• _Task details_
Pictures must not appear in the copy. Set down exactly the line with "walking in Treasure" and each line after it through the end of the data below.

• _Dataset extract_
* * *
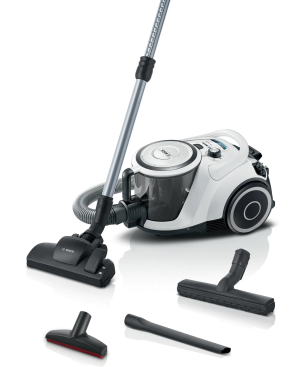 BOSCH BGC 41 XALL Staubsauger, maximale Leistung: 750 Watt, Weiß)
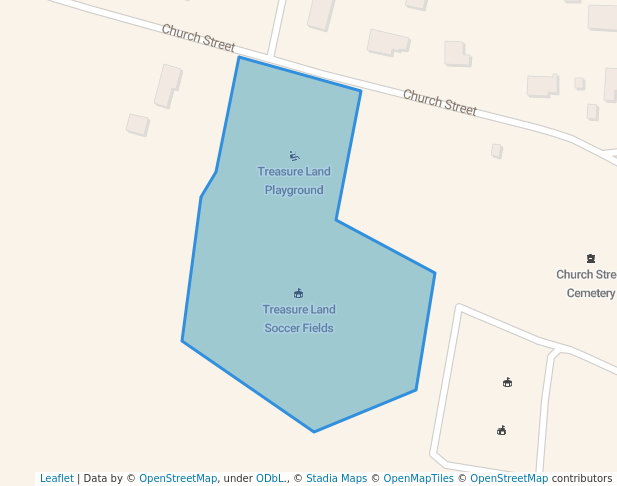 walking in Treasure Land Recreation Area map in Oxford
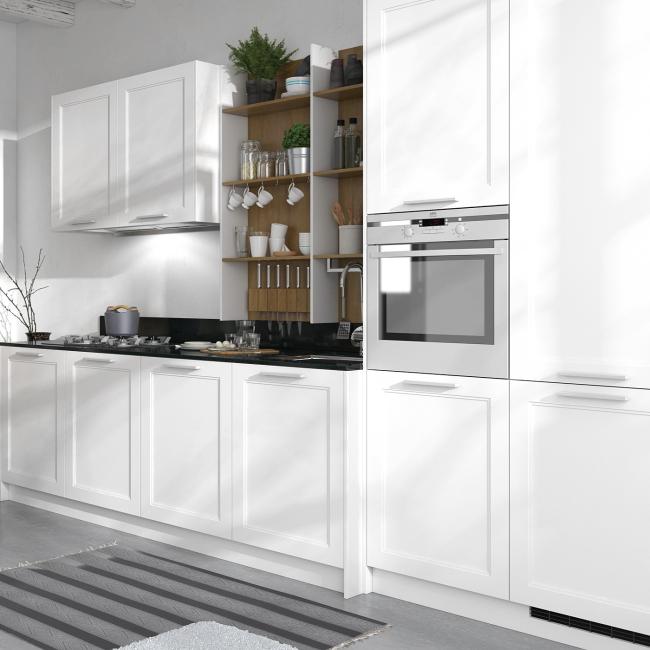 Close-up view of kitchen cabinet showing quality craftsmanship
* * *
• _Solution to the exercise_
 walking in Treasure Land Recreation Area map in Oxford
 Close-up view of kitchen cabinet showing quality craftsmanship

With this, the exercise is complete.